Plane-Painting-7878@reddit
honestly old department stores had weirdly magical energy to them. cafes upstairs, random carpet patterns, toy sections that felt enormous when you were small. modern shops feel much more sterile somehow.
DropDeadFredidit@reddit
On Friday nights we used to go to the local Blockbusters, rent out a video, buy a bag of popcorn and a tub of ice cream and then go home to watch it together ❤️
Rorstech@reddit
Occasionally going to Blockbuster on a Friday after school and renting some films and video games for the weekend.

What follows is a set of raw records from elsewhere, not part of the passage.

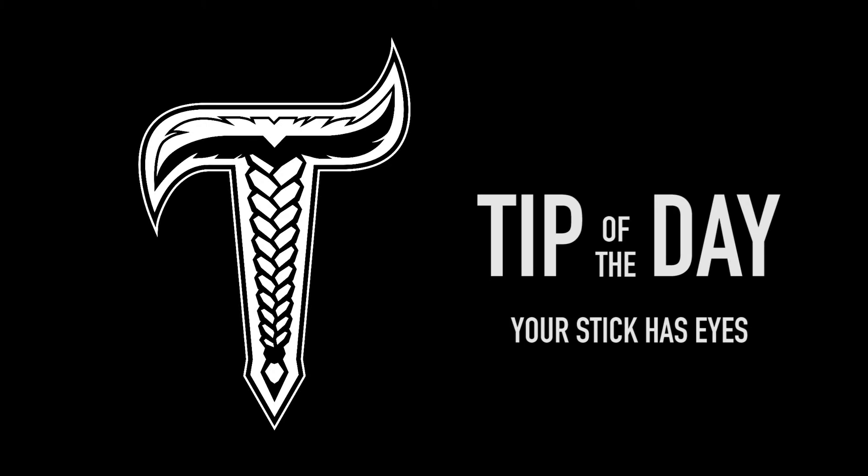Today we're talking about the stick has eyes drill. This drill puts you in a game situation where there might be a screen, a player in the net, or obviously the goalie just trying to cut your angle off.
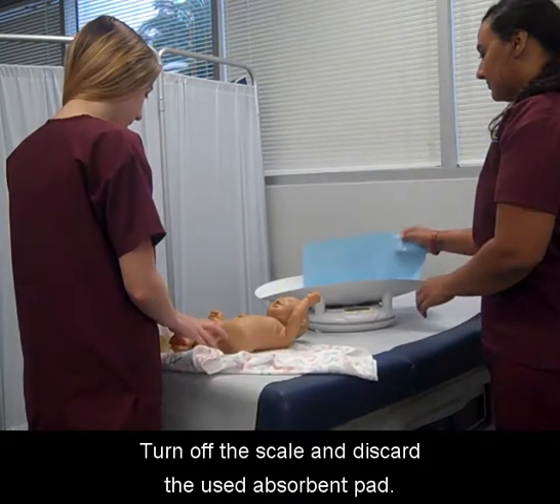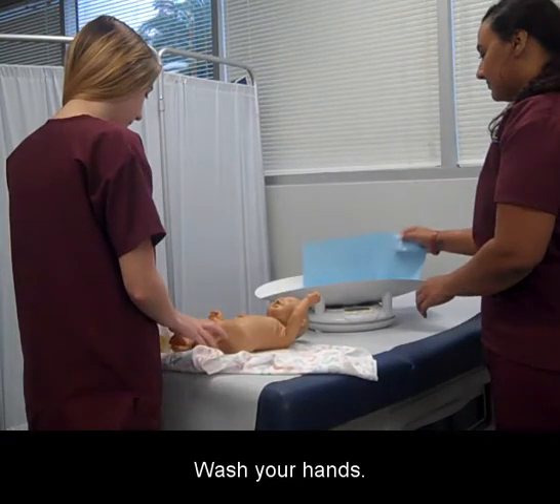Turn off the scale and discard the used absorbent pad. Wash your hands.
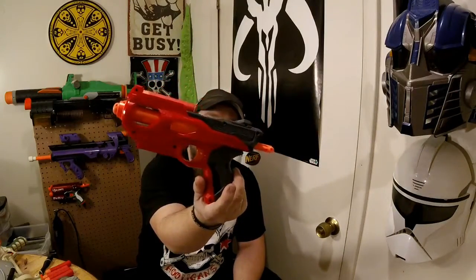Hey, a quick review of the Nerf Mega Hot Shock. The Hot Shock hit shelves in 2016 in the Nerf Mega line. It came with two darts — one for the barrel and one for the top rail storage.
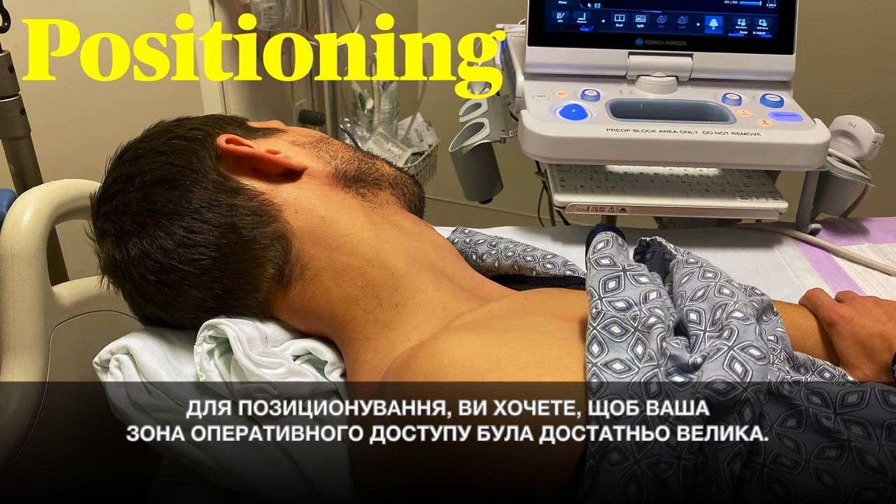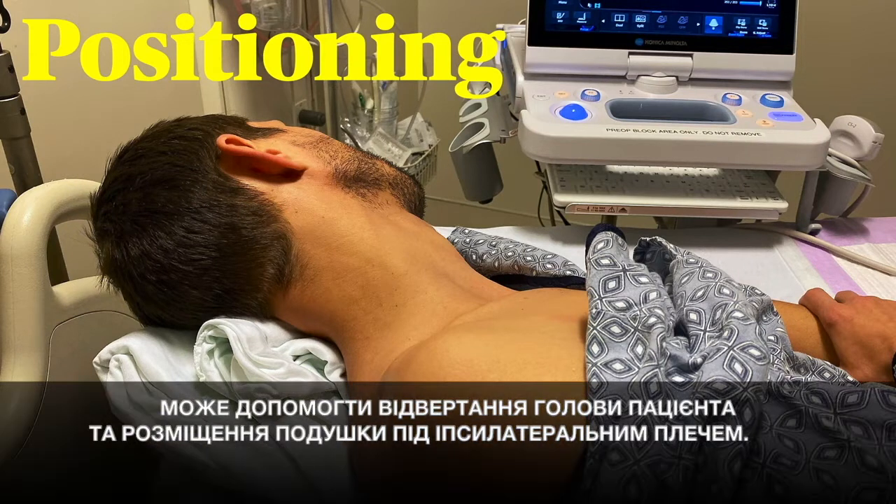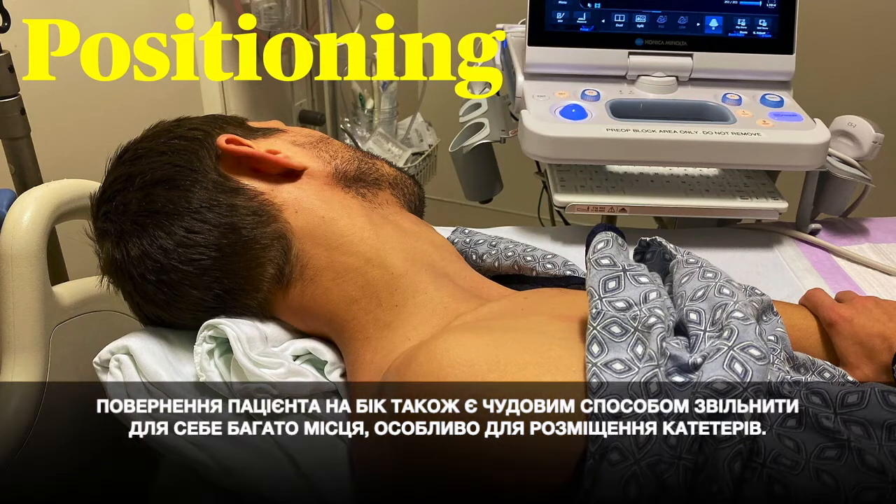For positioning, you want to have good exposure to your working area. Turning the patient's head away and placing a bump under the ipsilateral shoulder can help. Turning the patient on their side is also a great way to give yourself lots of room, especially when placing catheters.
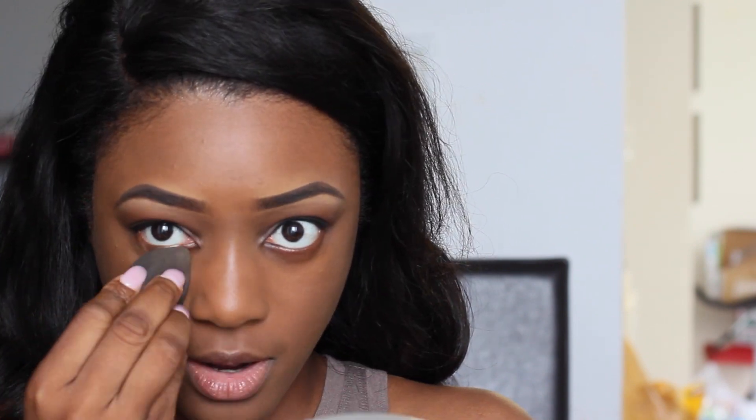Now moving on to the face. The first thing I do is spray my face with some Fix Plus and let that dry for a minute. For the foundation I mixed my NARS Glow with my Becca Liquid Highlighter. Now I'm going to apply my under eye concealer — I'm using my Beauty Blender with my MAC Studio Finish Concealer in NC45, the same concealer I used for my brows. I dip the Beauty Blender into the concealer and apply it right underneath my eyes.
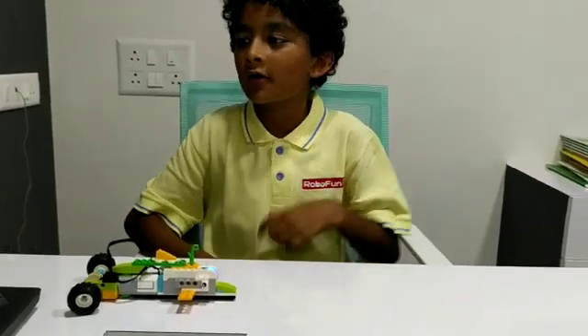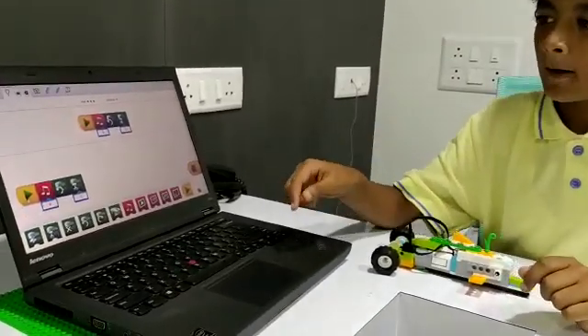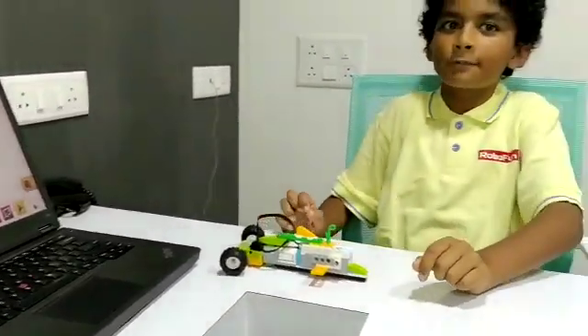Now let me show you how it works. When the play button is pushed, the dolphin will make a dolphin sound and move for 2 seconds.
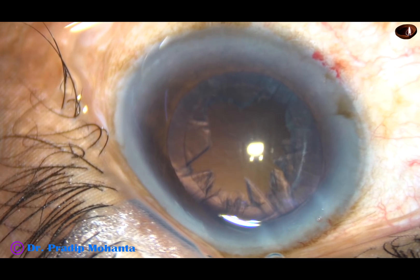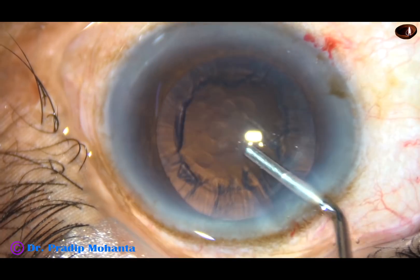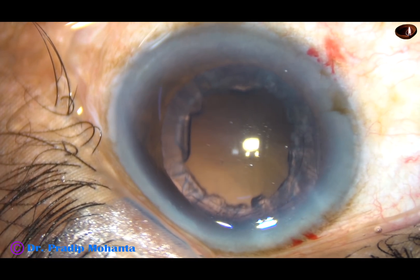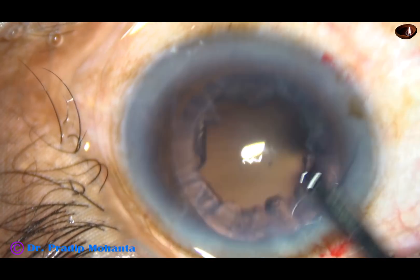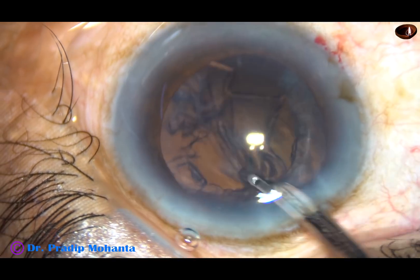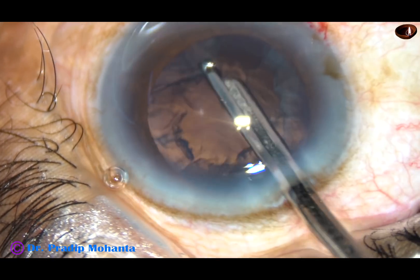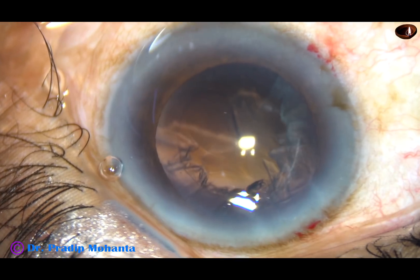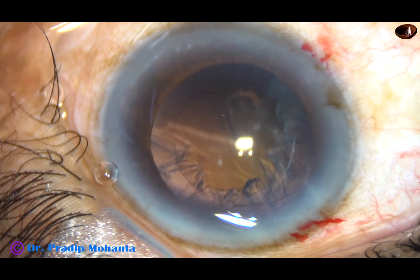Now viscoelastic substance is injected into the anterior chamber. By the time my assistant gets ready with bi-manual, I can remove some portion of the cortex by a Simcoe cannula. That's it. And now I take the bi-manual.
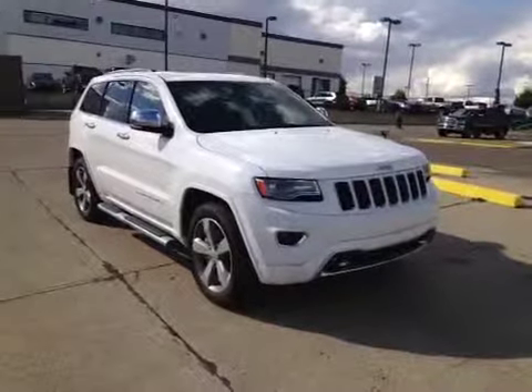The rear bench is 60-40 split and does fold down flat to accommodate more storage. Come on down today to see this Grand Cherokee or many others like it.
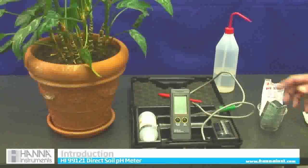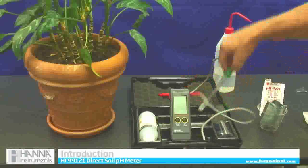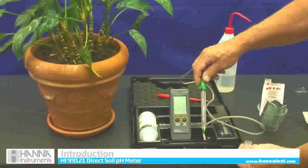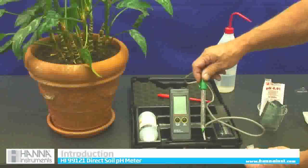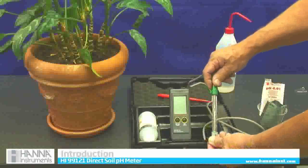It comes in a kit as we can see here. Here's our meter, which comes with a probe. The probe is glass — we make it out of glass on purpose so it is extremely accurate and fast responding, but you have to be careful because it is fragile. It has a nice glass probe.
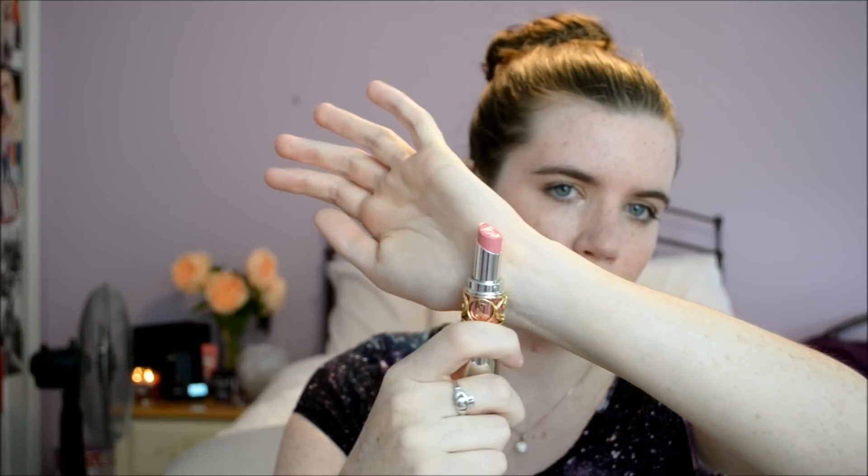From YSL at Nordstrom I only got two things. I got the Volupt Sheer Candy Glossy Balm Crystal Color in number 12 Tasty Raspberry. I actually took this to class with me yesterday in my purse and it is amazing — I love YSL lipsticks, these are the best. The packaging is silver and beautiful — YSL always does an amazing job on the packaging. On the lips it's a little sheer, just a nice bright pink. It smells so sweet and candy-like, and they apply to your lips like butter — they just melt onto your lips and it feels amazing.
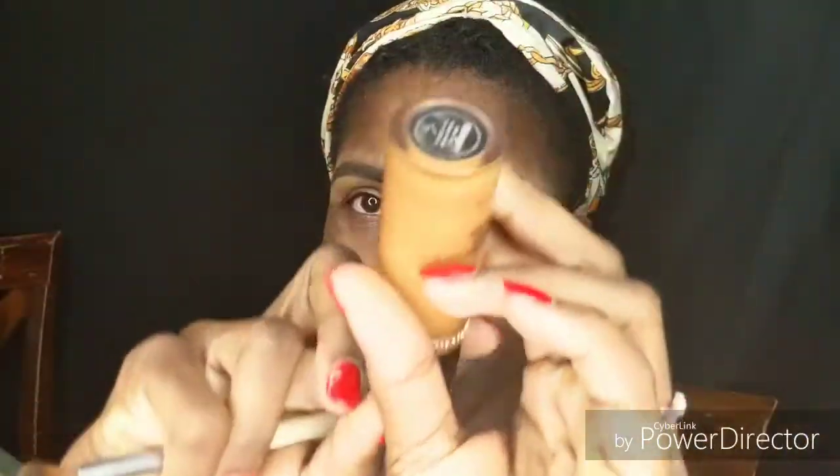The very first thing she did was prime her lid — she used a Too Faced Born This Way concealer — and I'm gonna do the same thing. I'm priming my eyelids with the Too Faced Born This Way concealer in the shade Mahogany, using a brush to blend it all out. I already did my brows and I used the Anastasia Dip Brow pomade in the shade Ebony.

Additional-Nobody352@reddit
Playing later quest and going bowling on my 10th birthday
Sherbetlaces@reddit
No mobile phones
tongsyabrush@reddit
My sister and I used to go to the chip shop in our street when we got our pocket money and buy a mix of pickled onions, gherkins and beetroot.
No-Ganache-8204@reddit
one thing i notice about childhood memories is how much atmosphere matters more than the actual activity. old cafes, supermarket trips, video rental shops, rainy car journeys, christmas lights in town. kids remember the feeling of being secure and present far more than whether anything objectively exciting happened. adulthood tends to lose that softness a bit.
mdmnl@reddit
I think that is missed by the cohort who think they need to create childhood memories for their kids by spending...
Happiest childhood memories are buying a chocolate bar to split watching VHS (admittedly in those days the chocolate bar felt like it was the size of a bollard), a home made cake, playing frisbee.
c-e-r-y-s@reddit
Aw, this is so sweet. It reminds of when my mum used to take us to Lidl bakery when it first opened, on weekend mornings and we'd sit by the coast for an hour.